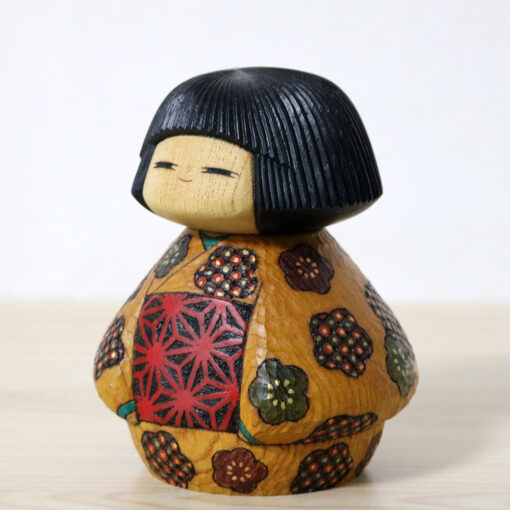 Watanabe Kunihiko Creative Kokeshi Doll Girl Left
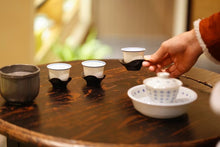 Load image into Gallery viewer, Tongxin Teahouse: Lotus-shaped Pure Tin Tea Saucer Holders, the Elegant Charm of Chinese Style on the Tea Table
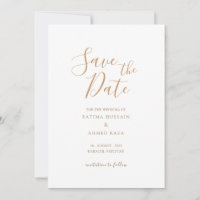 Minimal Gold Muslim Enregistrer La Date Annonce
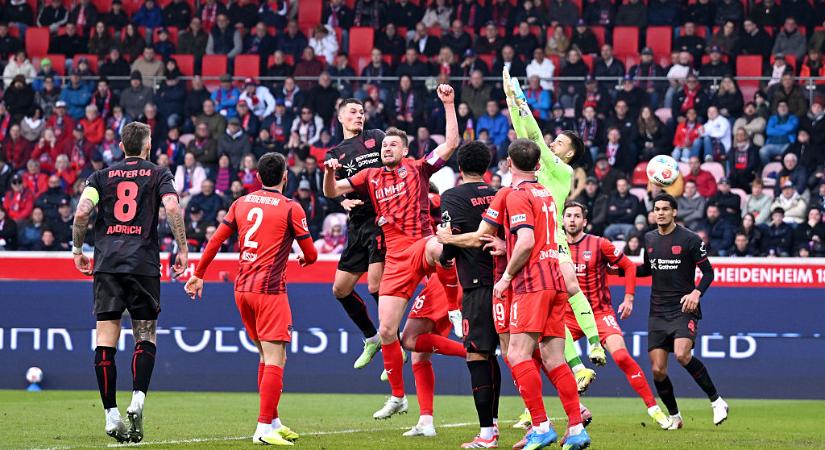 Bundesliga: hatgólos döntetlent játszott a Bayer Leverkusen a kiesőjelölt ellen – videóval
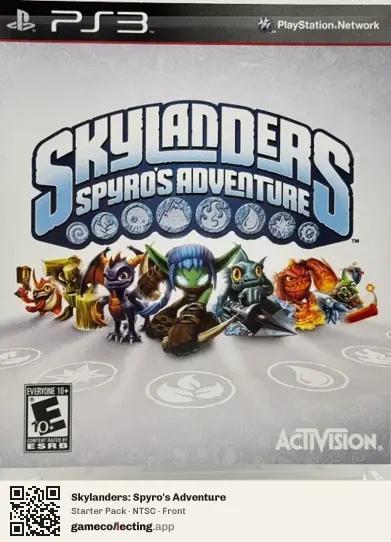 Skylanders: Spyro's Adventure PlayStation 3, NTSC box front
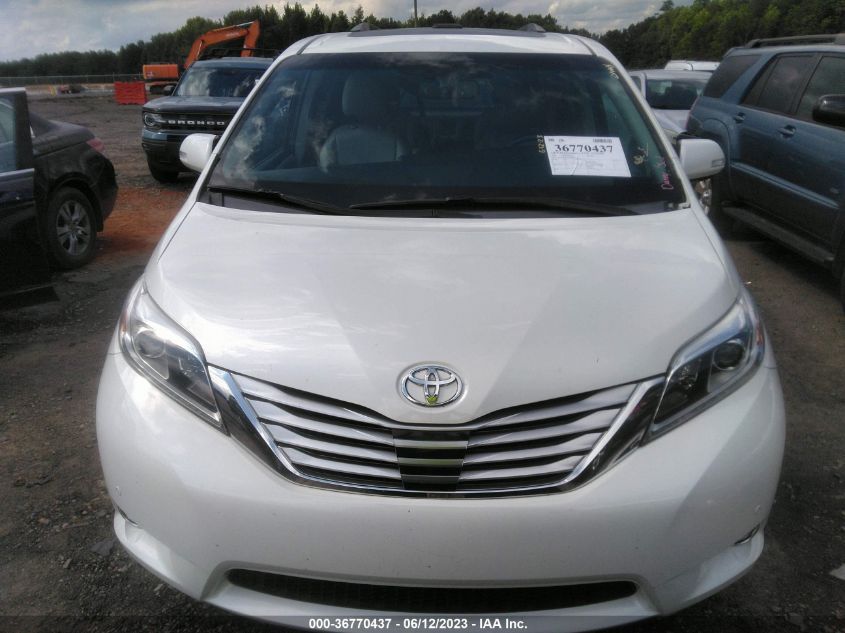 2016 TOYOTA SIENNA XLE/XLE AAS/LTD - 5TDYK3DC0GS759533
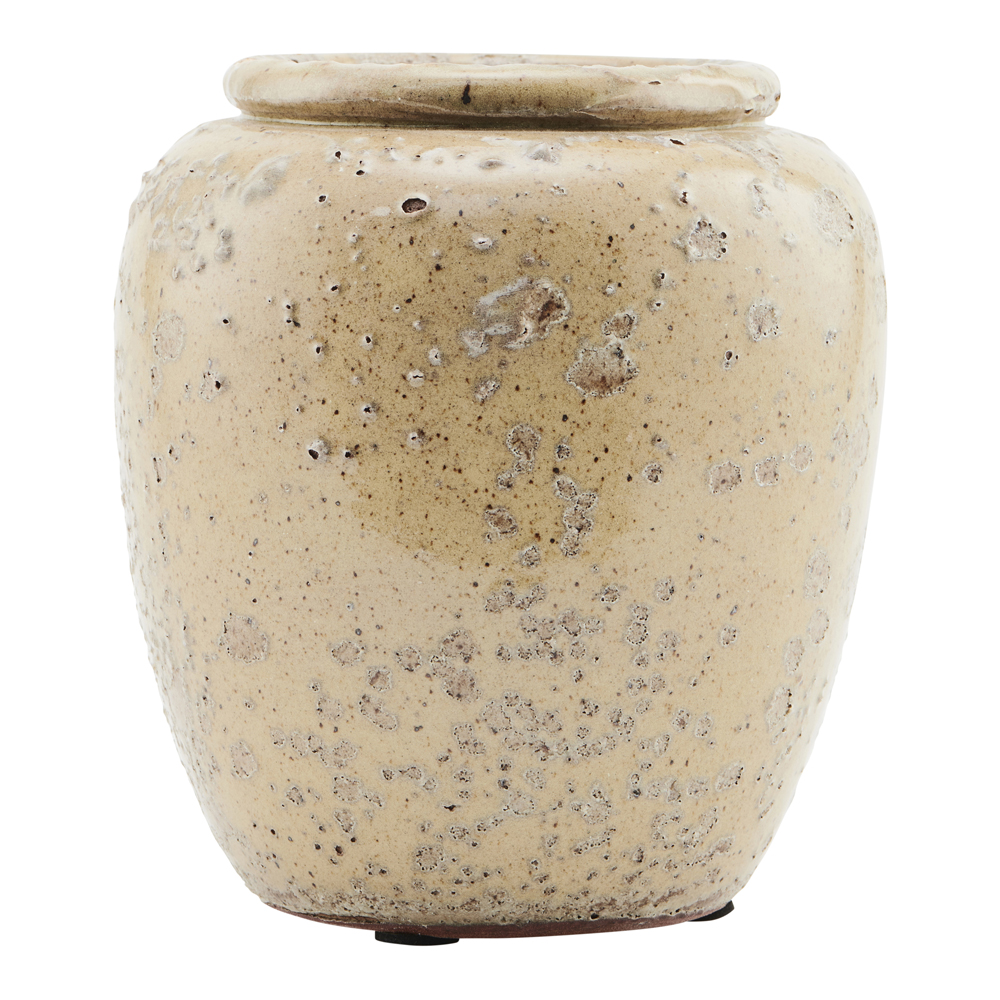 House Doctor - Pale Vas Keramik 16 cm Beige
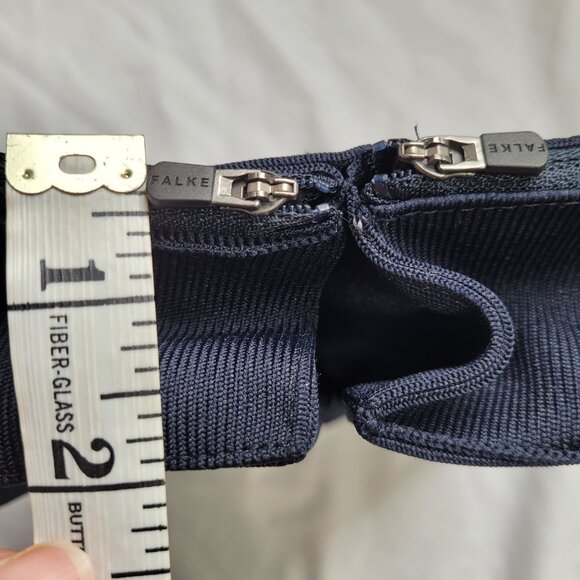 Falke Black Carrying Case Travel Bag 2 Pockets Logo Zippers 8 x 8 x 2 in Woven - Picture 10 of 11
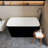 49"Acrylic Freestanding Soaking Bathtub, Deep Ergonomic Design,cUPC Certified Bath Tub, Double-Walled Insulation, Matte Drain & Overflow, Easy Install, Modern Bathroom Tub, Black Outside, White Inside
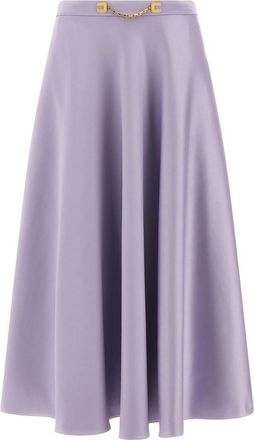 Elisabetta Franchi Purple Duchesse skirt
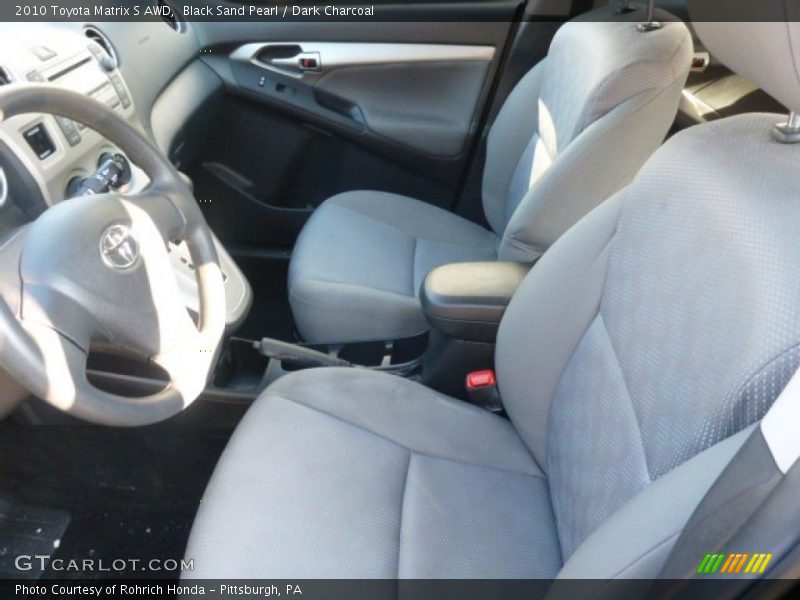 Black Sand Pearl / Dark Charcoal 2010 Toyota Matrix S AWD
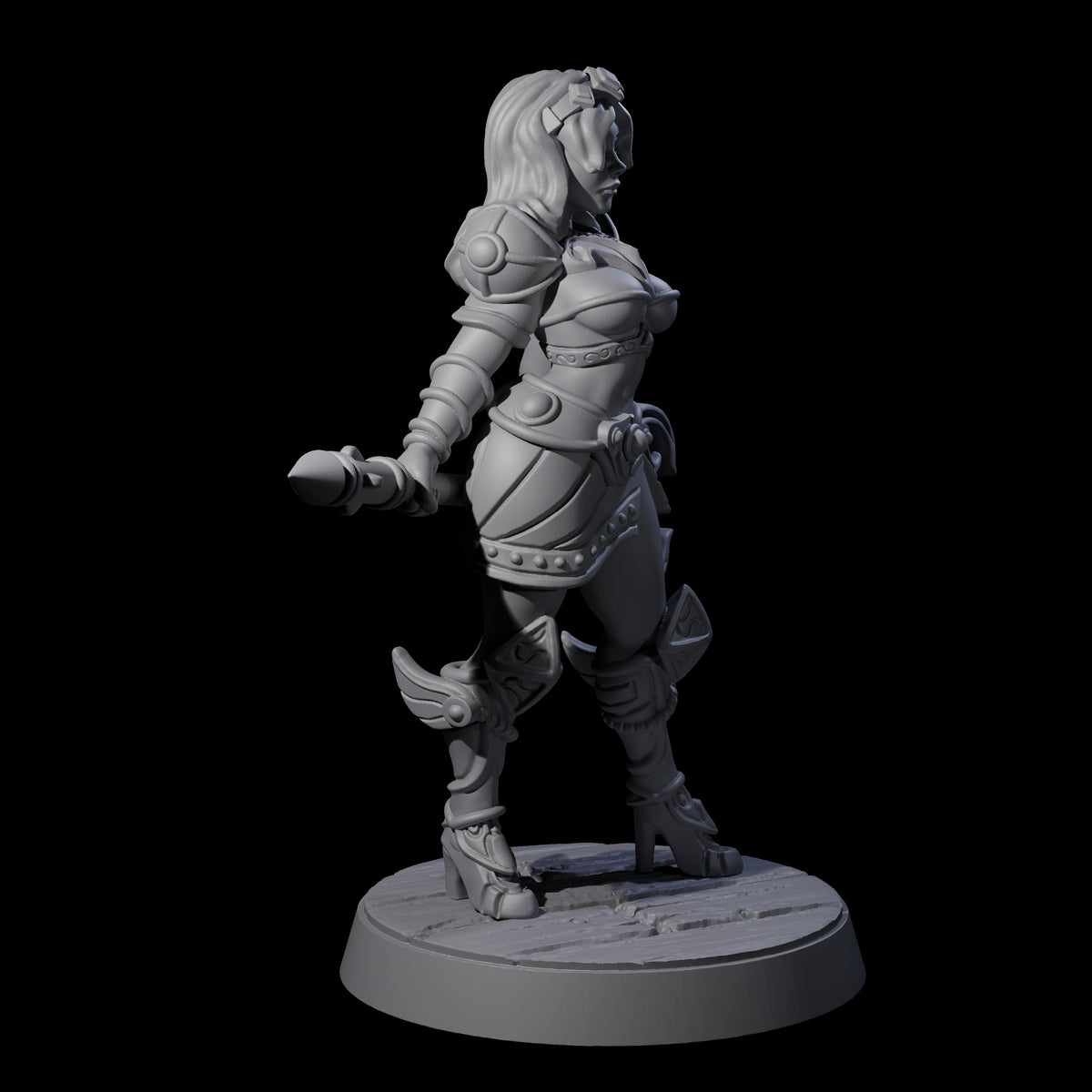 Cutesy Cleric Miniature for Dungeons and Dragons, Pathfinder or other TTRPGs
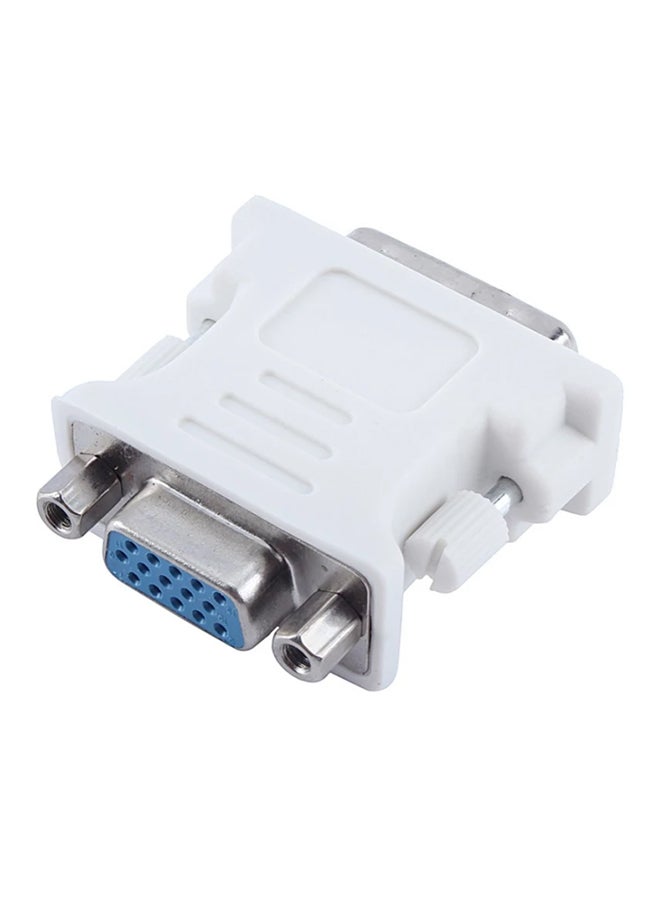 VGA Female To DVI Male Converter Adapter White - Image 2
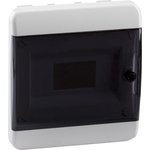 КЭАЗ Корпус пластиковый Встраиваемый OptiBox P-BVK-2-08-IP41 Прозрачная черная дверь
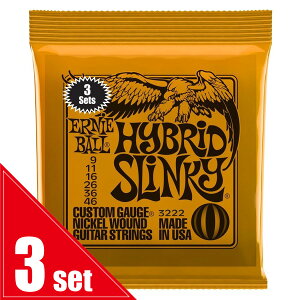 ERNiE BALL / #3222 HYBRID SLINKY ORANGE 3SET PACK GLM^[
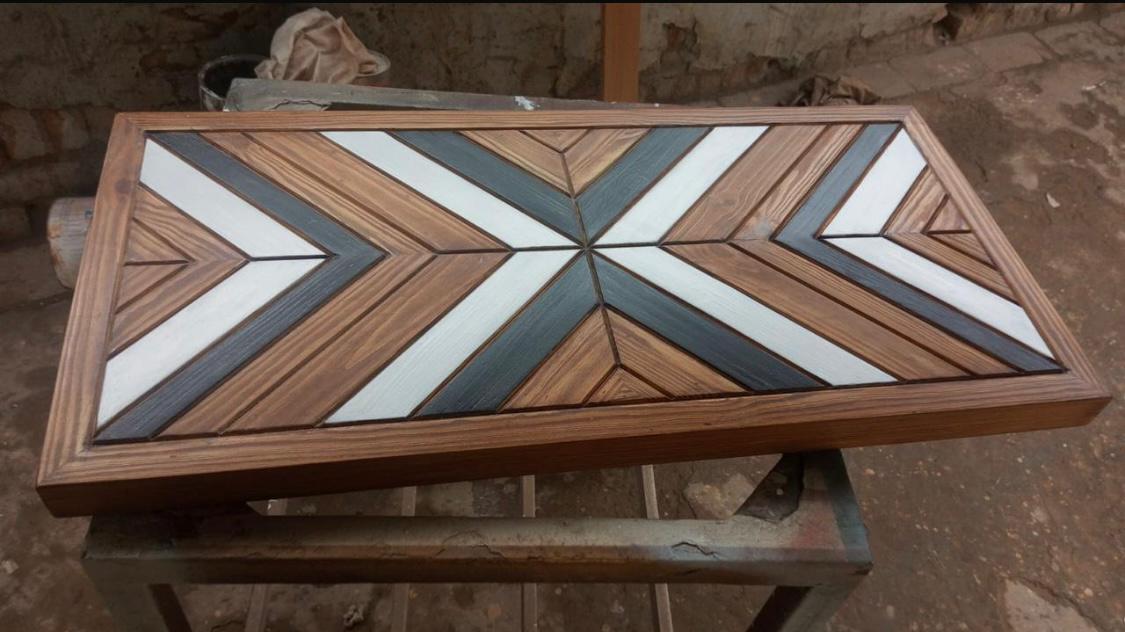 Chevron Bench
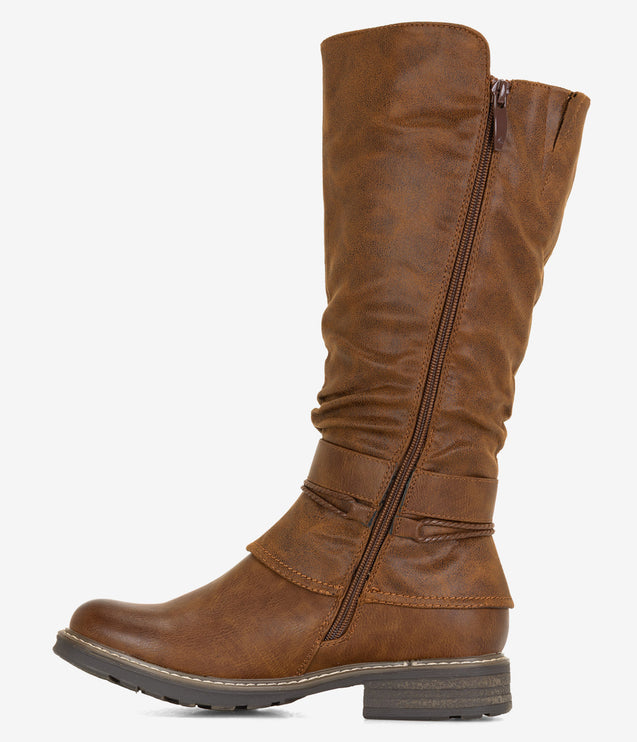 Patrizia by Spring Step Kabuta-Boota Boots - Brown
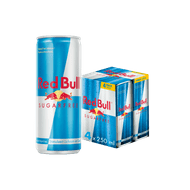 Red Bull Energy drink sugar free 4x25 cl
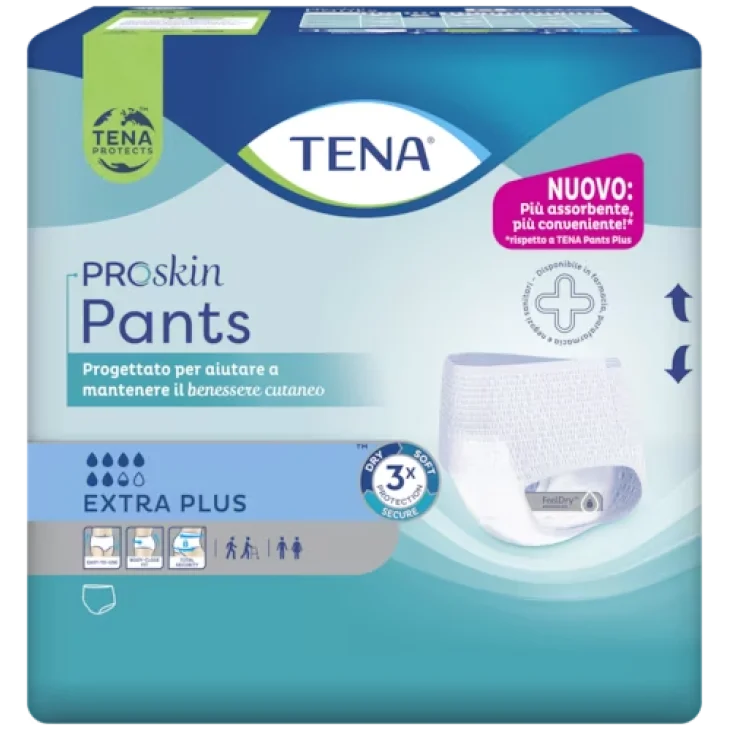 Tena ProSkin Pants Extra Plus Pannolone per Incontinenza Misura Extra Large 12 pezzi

__Task prompt__: Reproduce, word for word, every line from the start of the records down to and including the line with "VGA Female To"; skip the pictures.

__Exercise solution__:
 Watanabe Kunihiko Creative Kokeshi Doll Girl Left
 Load image into Gallery viewer, Tongxin Teahouse: Lotus-shaped Pure Tin Tea Saucer Holders, the Elegant Charm of Chinese Style on the Tea Table
 Minimal Gold Muslim Enregistrer La Date Annonce
 Bundesliga: hatgólos döntetlent játszott a Bayer Leverkusen a kiesőjelölt ellen – videóval
 Skylanders: Spyro's Adventure PlayStation 3, NTSC box front
 2016 TOYOTA SIENNA XLE/XLE AAS/LTD - 5TDYK3DC0GS759533
 House Doctor - Pale Vas Keramik 16 cm Beige
 Falke Black Carrying Case Travel Bag 2 Pockets Logo Zippers 8 x 8 x 2 in Woven - Picture 10 of 11
 49"Acrylic Freestanding Soaking Bathtub, Deep Ergonomic Design,cUPC Certified Bath Tub, Double-Walled Insulation, Matte Drain & Overflow, Easy Install, Modern Bathroom Tub, Black Outside, White Inside
 Elisabetta Franchi Purple Duchesse skirt
 Black Sand Pearl / Dark Charcoal 2010 Toyota Matrix S AWD
 Cutesy Cleric Miniature for Dungeons and Dragons, Pathfinder or other TTRPGs
 VGA Female To DVI Male Converter Adapter White - Image 2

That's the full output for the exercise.